Nothing should appear in the answer except the lines from the one with "Democrata intermedia pedido" through the end of the listing below, transcribed exactly and without pictures.

[Input data]
--

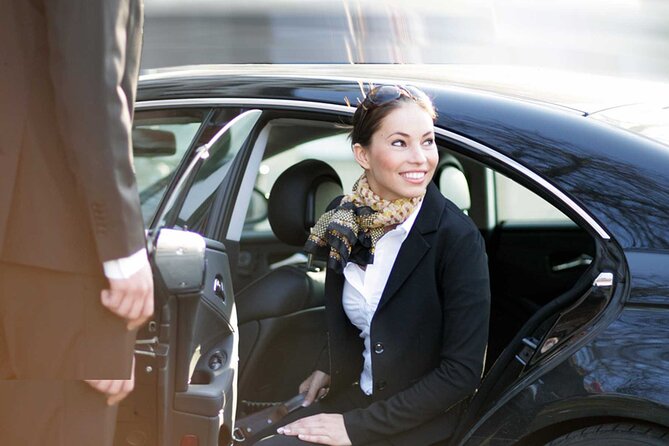 Private Auckland Airport Transfer To/From Auckland Hotels -Suv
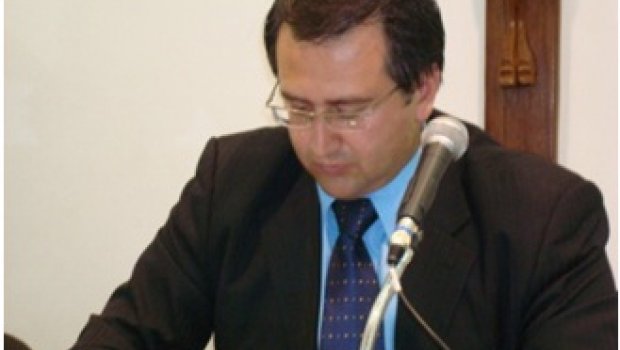 Democrata intermedia pedido de creche junto a secretário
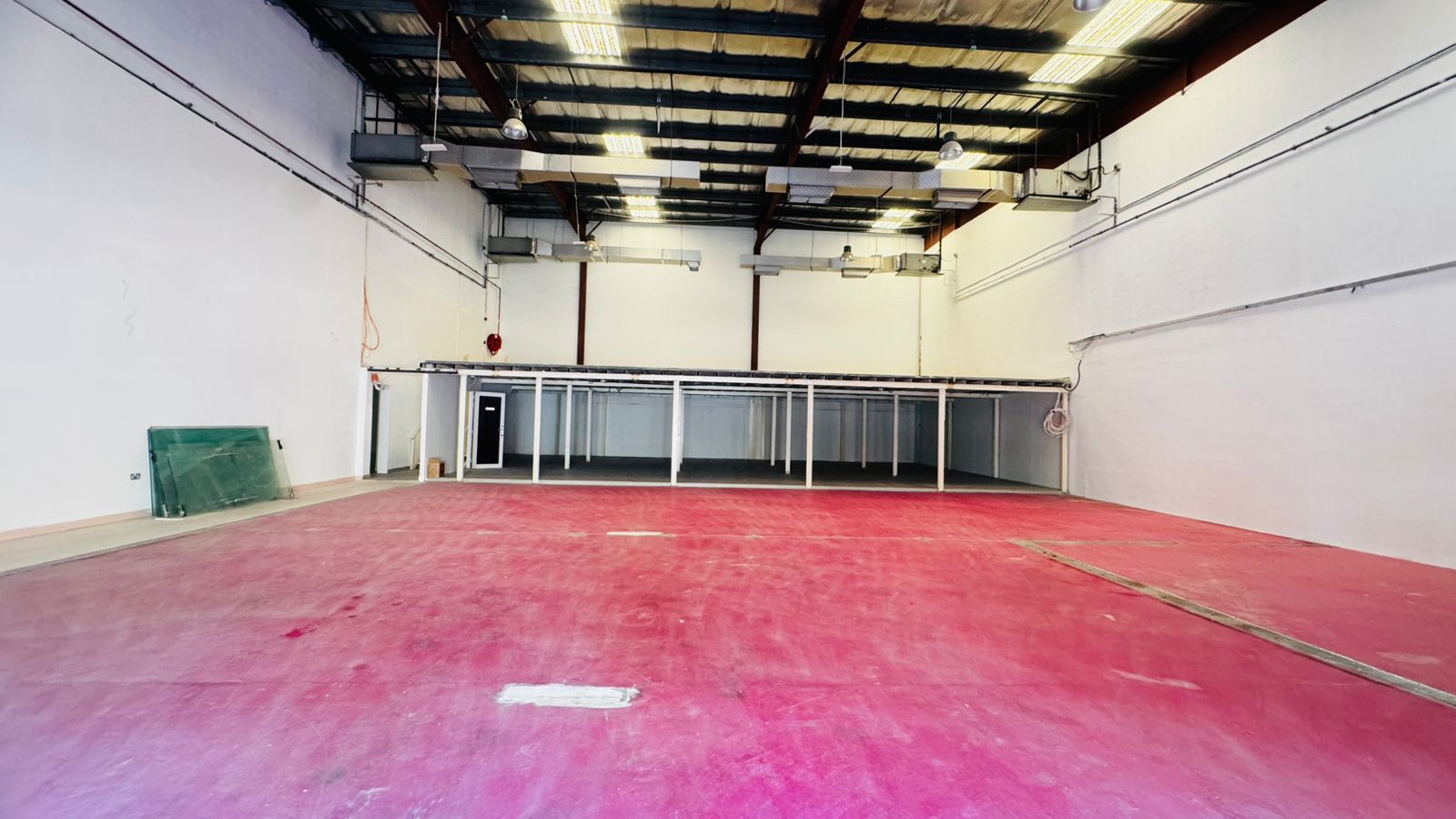 Warehouse — DIP — 8,000 sqft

--

[Answer for this exercise]
 Democrata intermedia pedido de creche junto a secretário
 Warehouse — DIP — 8,000 sqft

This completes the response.